AI aimbot does not mean “universal human level decision maker that works in every game.” It means the detection side is using a trained vision model, usually object detection, pose estimation, or instance segmentation. More advanced would include AI mouse models trained from a users actual physical mouse input.
YOLO/ONNX/TensorRT/OpenVINO pipelines are not color filters. They are actual model inference pipelines. A colorbot looks for pixel colors. An AI model detects TRAINED targets from image data. That difference is extremely basic.
Your first post said there are no real AI aimbots and that the ones on the market are all color based. That is false. Now you’re trying to say “well, my personal definition of AI is different.” I would suggest not moving the goalpost after being corrected.
You can say some products are hybrids. You can say some products market themselves badly. That’s fair, but saying real AI aimbots do not exist is just wrong.
I don't think you corrected anything; AI aimbot DOES mean the ability of making "human level decision" (consider reading this: [Only registered and activated users can see links. Click Here To Register...] and even if you "trained" your aimbot with pictures (and "train" isn't even the verb you should be using here), the only thing you would have corrected me is: instead of being color based, it would be PICTURE based, but still not an AI aimbot. Since I doubt you will check the IBM website, I'll paste part of AI definition here:
"Applications and devices equipped with AI can see and identify objects.
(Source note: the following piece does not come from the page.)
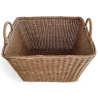 Buy Rattan Basket with Handles - 45x35CM - Gyua Natural 61315 - in the UK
They can understand and respond to human language. They can learn from new information and experience. They can make detailed recommendations to users and experts. They can act independently, replacing the need for human intelligence or intervention (a classic example being a self-driving car)."
Keep in mind that's not "my" definition of AI. So when the aimbot targets predetermined images / pixels, it's not an AI working or acting "independently, replacing the need for human intelligence or intervention", it's just the way most aimbots have always worked (exceptions do apply, such as internal hacks).
But hey! Feel free to "correct" me anytime you want. Also, despite this interaction being far from pleasant, I'll keep recommending your hack to people who ask me.